(Source data)

++++

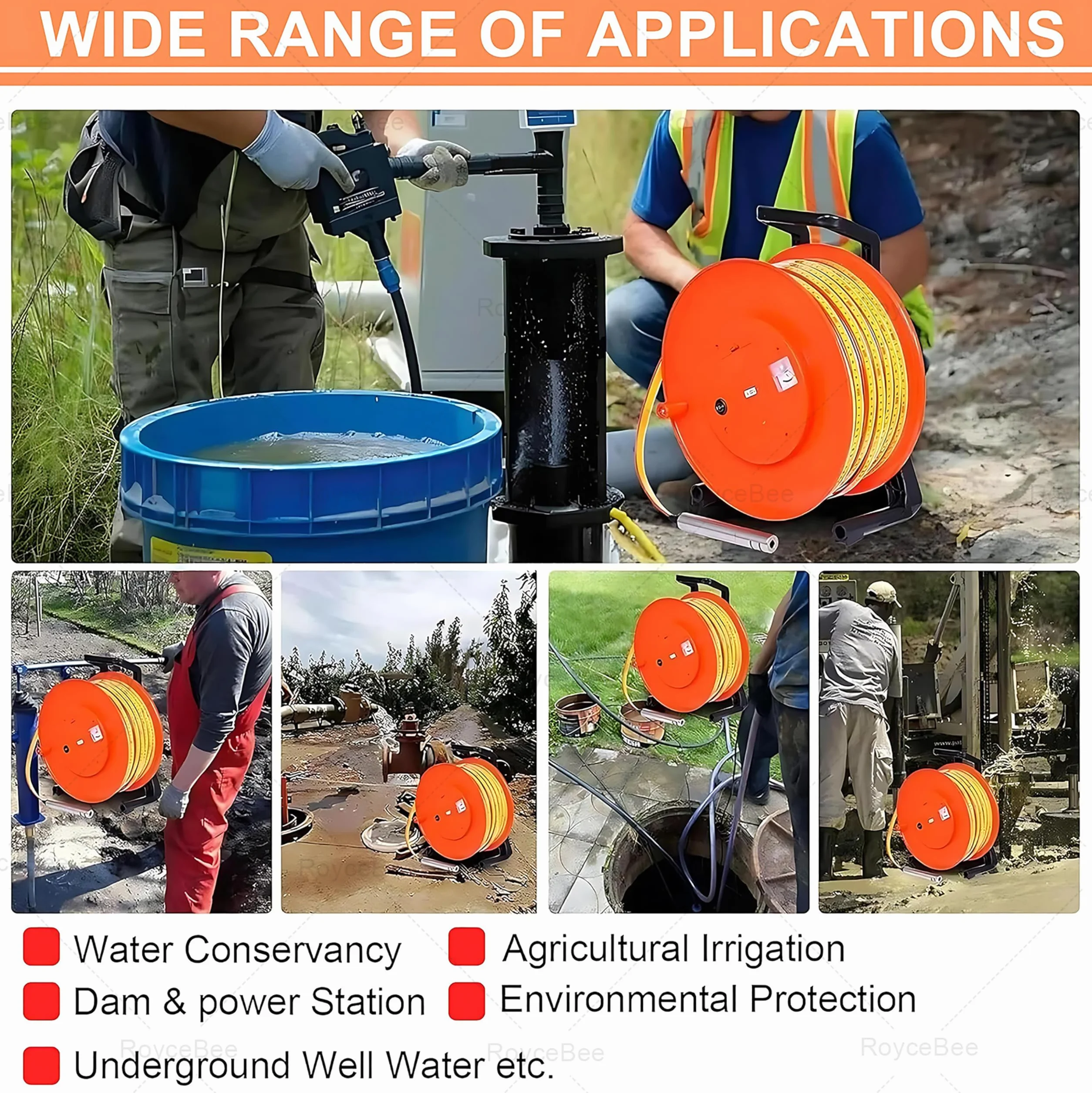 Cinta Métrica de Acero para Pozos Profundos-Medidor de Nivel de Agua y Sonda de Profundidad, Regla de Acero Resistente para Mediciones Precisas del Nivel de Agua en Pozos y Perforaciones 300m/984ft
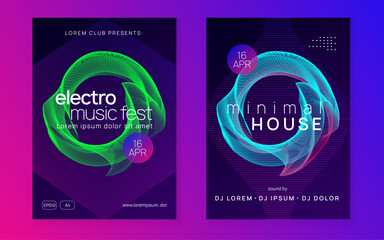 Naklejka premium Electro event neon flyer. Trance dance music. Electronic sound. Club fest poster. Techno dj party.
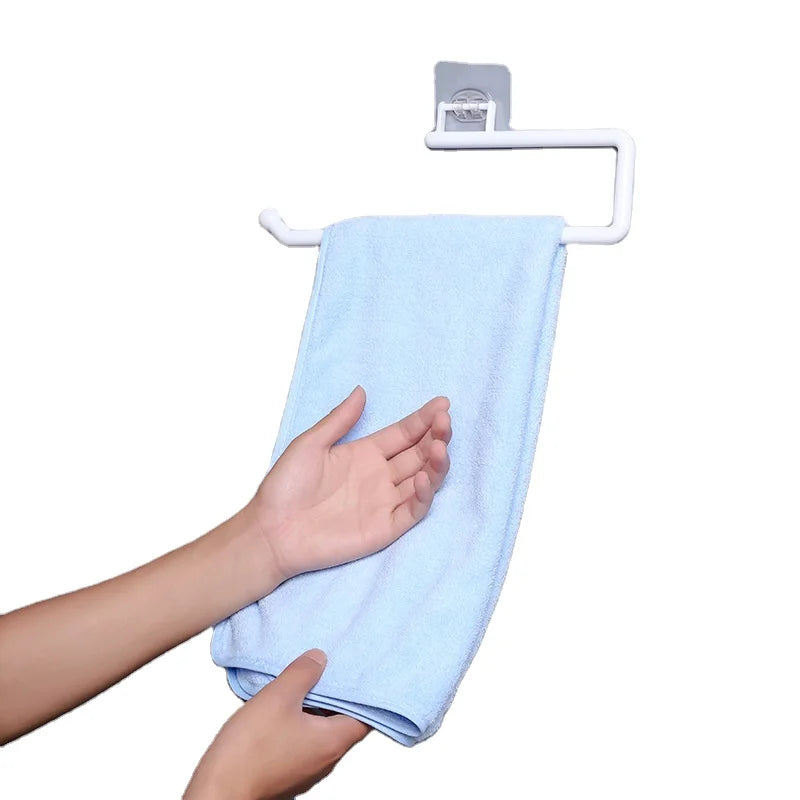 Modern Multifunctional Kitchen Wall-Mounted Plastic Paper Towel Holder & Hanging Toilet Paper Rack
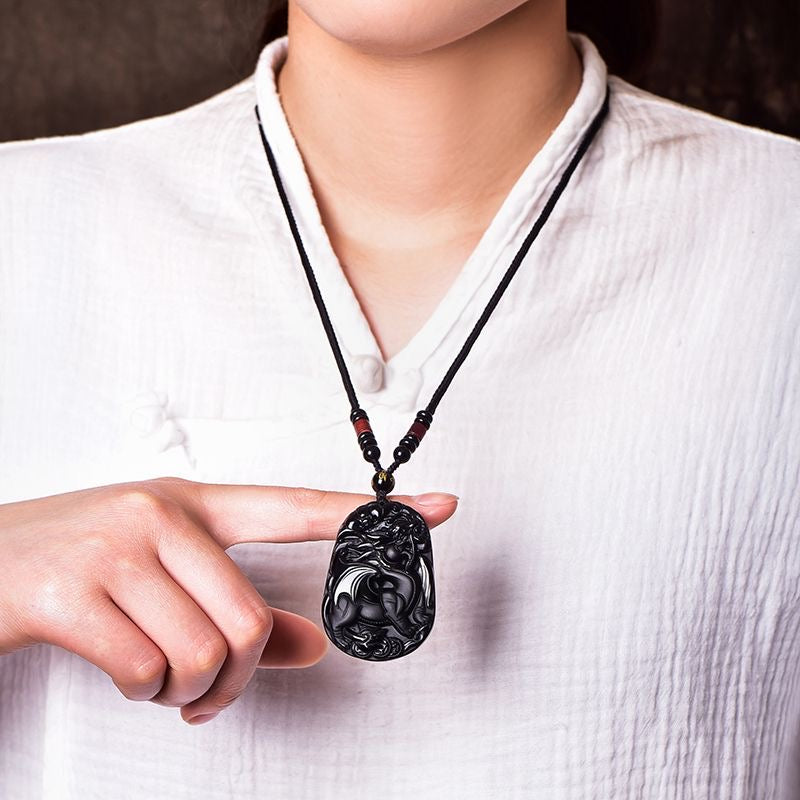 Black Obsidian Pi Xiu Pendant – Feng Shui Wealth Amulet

++++

The required output is the line containing "Modern Multifunctional Kitchen" plus every line after it to the end of the data, copied exactly and with no pictures.

 Modern Multifunctional Kitchen Wall-Mounted Plastic Paper Towel Holder & Hanging Toilet Paper Rack
 Black Obsidian Pi Xiu Pendant – Feng Shui Wealth Amulet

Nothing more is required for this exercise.